One in a series of occasional articles
They may have appeared stiff and square in their starched white collars and bowler hats, but this week, the 100th anniversary of their first flight at Kitty Hawk, N.C., the Wright brothers will be the toast of the party.
The brainy brothers have graced magazine covers, appeared in a General Electric television ad, been the subject of documentaries, and had their ingenuity paid homage to in newspaper headlines across the country in recent weeks.
"Takeoff! How the Wright Brothers Did What No One Else Could," The New York Times gushed on Tuesday. The Dec. 3 Arizona Republic raved: "Wright brothers' curiosity, skill changed the world."
Solving the age-old riddle of human flight tends to make you popular.
But when it came to media attention a century ago, the Wrights were, well, wronged. There was no instant celebrity. No worldwide recognition. Their historic flights over the sands at Kitty Hawk aboard their wood-and-cloth Flyer went largely unnoticed by the press.
A handful of newspapers gave the bicycle mechanics next-day coverage after they made man's first powered flights on Dec. 17, 1903. And though they sent a telegram from the Outer Banks announcing their success, few newspaper editors believed the news or understood its significance.
Indeed, the world at large would not realize the Wrights had flown until 1908 - five years after Kitty Hawk. The only people who believed the pair were "first in flight" were the Outer Banks lifeguards who witnessed the spectacle, family members and locals in their hometown of Dayton.

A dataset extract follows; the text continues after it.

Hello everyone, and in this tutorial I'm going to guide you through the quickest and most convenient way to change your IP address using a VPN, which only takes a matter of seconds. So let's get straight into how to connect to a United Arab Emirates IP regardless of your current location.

The disbelief by the media stemmed in part from the spectacular failure, just nine days before Kitty Hawk, of a $70,000 flying machine built by Samuel P. Langley, secretary of the Smithsonian Institution and prominent astrophysicist.

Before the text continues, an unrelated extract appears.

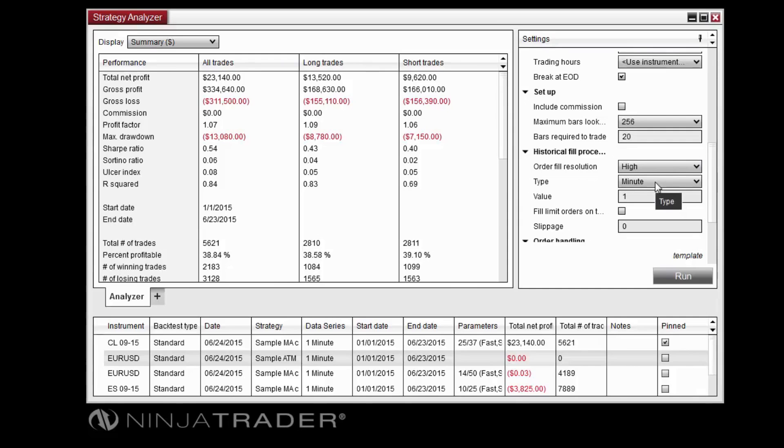For example, the High setting will allow you to use minute data to process fills on daily bars.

On Dec. 8, 1903, the press had gathered on a stretch of the Potomac River to watch Langley's Aerodrome A make its second attempt at heavier-than-air flight. Launched by catapult from a houseboat floating in the river, the 730-pound craft tumbled off its runway and sank in 60 feet of water, pinning pilot Charles Manly underneath.
Manly survived, but the press was less than forgiving. The headline in the New York Sun read: "Langley's Aerodrome Swoops into Potomac And Ducks Professor Manly." The Washington Post quipped: "Buzzard a Wreck."
"The only American widely credited with a real chance of flying - Langley - had just failed spectacularly. And how could this pair of unknowns claim to have inaugurated 'the age of the flying machine' when [Brazilian aviator] Alberto Santos-Dumont already had done so with his [dirigibles]?" James Tobin wrote in To Conquer the Air: The Wright Brothers and The Great Race for Flight.
The skepticism was so great that when the Wrights' brother, Lorin, arrived in the offices of the Dayton Journal on the evening of Dec. 17 and showed his brothers' telegram announcing "SUCCESS FOUR FLIGHTS THURSDAY MORNING ... LONGEST 57 SECONDS," city editor Frank Tunison dismissed it. Claims of flying machines were a dime a dozen, each as false as the last.
Lorin, acting as the Wrights' press agent, was crushed.
To add insult to injury, the few Dec. 18 news accounts written about the Wrights were wrong.
The city editor of the Norfolk Virginian-Pilot ordered a banner headline across the front page that read: "Flying Machine Soars 3 Miles in Teeth of High Wind Over Sand Hills and Waves at Kitty Hawk on Carolina Coast."
Riveting reading, but wrong. The four flights the Wrights made that day were over sand, not waves. The longest was 852 feet, hardly close to three miles. (Even the Wrights' own dispatch was incorrect, due to an error in transmission. That fourth flight was 59 seconds, not 57.)
The list could go on.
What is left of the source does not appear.